EXERCISE:
Of the material below, the lines to be retyped are those from the line containing "Aishwarya Devan Instagram" through the line containing "Trao tiền từ", inclusive; reproduce them exactly.

THE INPUT:
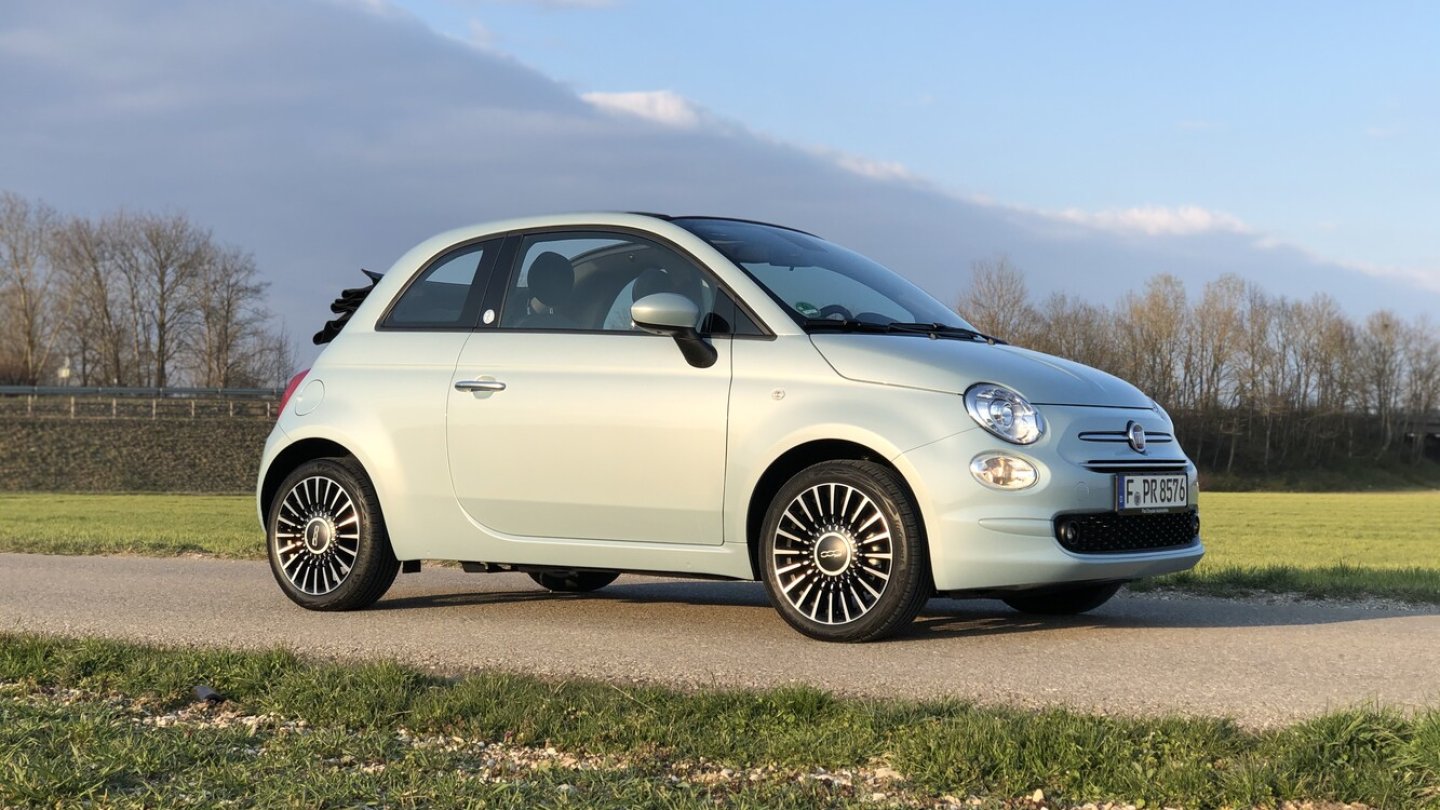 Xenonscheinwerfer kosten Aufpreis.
--
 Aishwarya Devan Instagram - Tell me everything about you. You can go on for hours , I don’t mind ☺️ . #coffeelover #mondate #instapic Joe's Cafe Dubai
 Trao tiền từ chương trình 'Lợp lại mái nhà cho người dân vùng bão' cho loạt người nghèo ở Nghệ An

RESULT:
 Aishwarya Devan Instagram - Tell me everything about you. You can go on for hours , I don’t mind ☺️ . #coffeelover #mondate #instapic Joe's Cafe Dubai
 Trao tiền từ chương trình 'Lợp lại mái nhà cho người dân vùng bão' cho loạt người nghèo ở Nghệ An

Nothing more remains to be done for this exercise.